<<<<

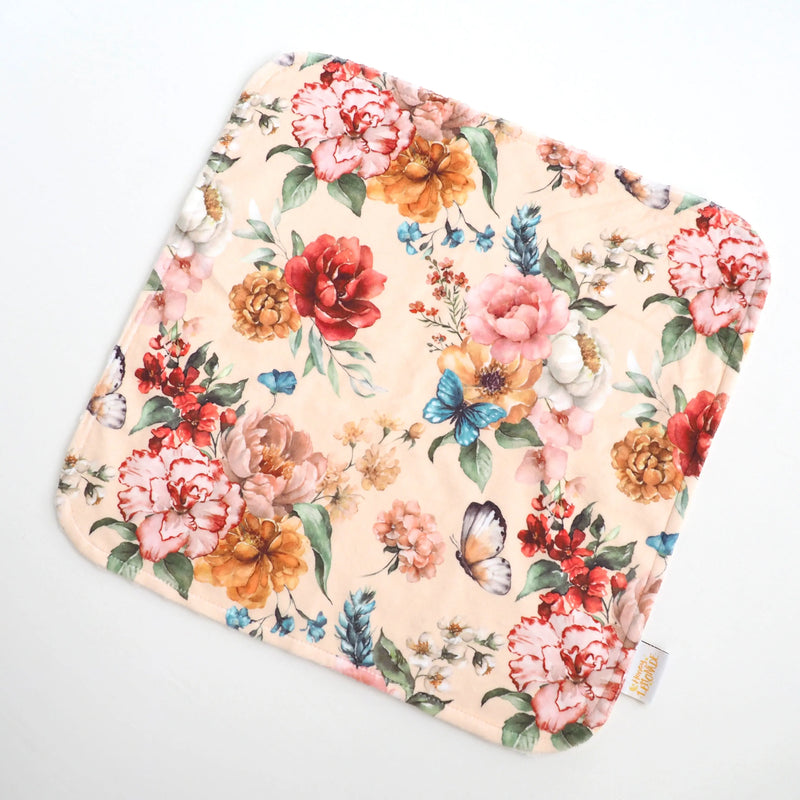 Mini Minky blanket in Royal Garden floral design, perfect size for toddlers.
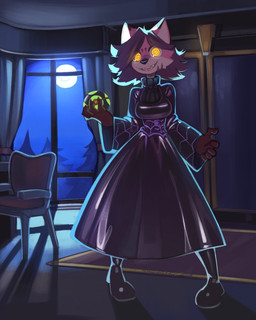 anthro bedroom boots chair clothed clothing dress dusk_ball eye_contact female footwear furniture glowing glowing_eyes latex latex_clothing latex_dress light looking_at_another looking_at_viewer mansion moonlight pokeball shoes smile smiling_at_viewer solo spiral spiral_eyes maridiansnack nintendo pokemon hex_maniac krysta_kream pokemon_trainer canid canine fox mammal 4:5 absurd_res hi_res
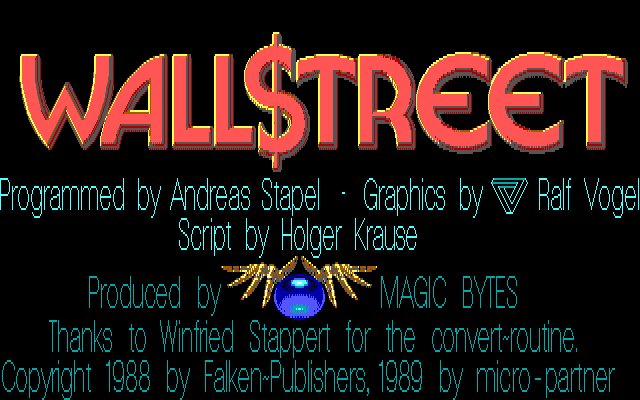 Wall$treet (DOS) screenshot: Loading screen
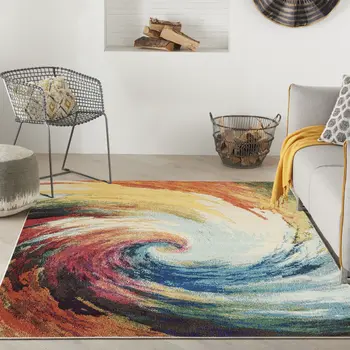 5' X 7' Wave Abstract Power Loom Non Skid Area Rug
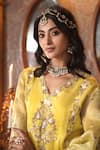 Buy_Surabhi Arya_Yellow Kurta And Dupatta Organza Embroidery Floret Ombre Dyed & Dhoti Pant Set 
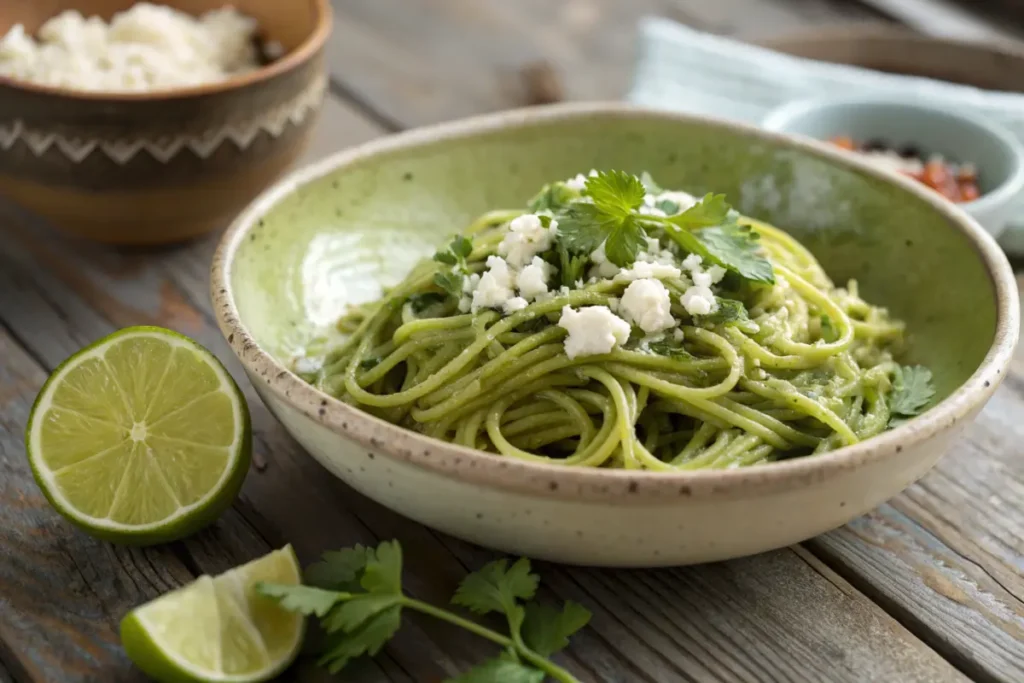 Plated green spaghetti garnished with cheese and herbs in a rustic bowl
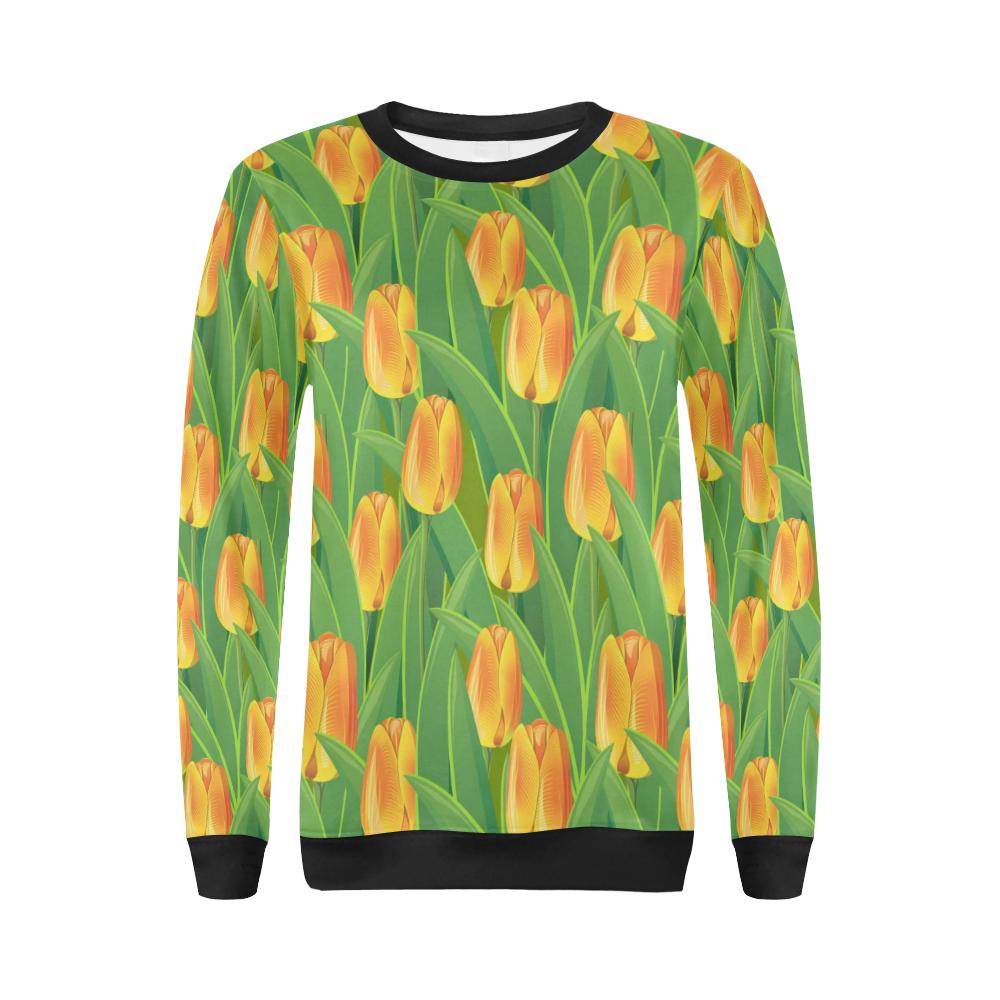 Tulip Orange Pattern Print Design TP07 Women Long Sleeve Sweatshirt-JorJune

>>>>

* [Problem] Exact copy, pictures excluded: print only the lines from the line containing "Buy_Surabhi Arya_Yellow Kurta" through the end of the records.

* [Answer below]
 Buy_Surabhi Arya_Yellow Kurta And Dupatta Organza Embroidery Floret Ombre Dyed & Dhoti Pant Set 
 Plated green spaghetti garnished with cheese and herbs in a rustic bowl
 Tulip Orange Pattern Print Design TP07 Women Long Sleeve Sweatshirt-JorJune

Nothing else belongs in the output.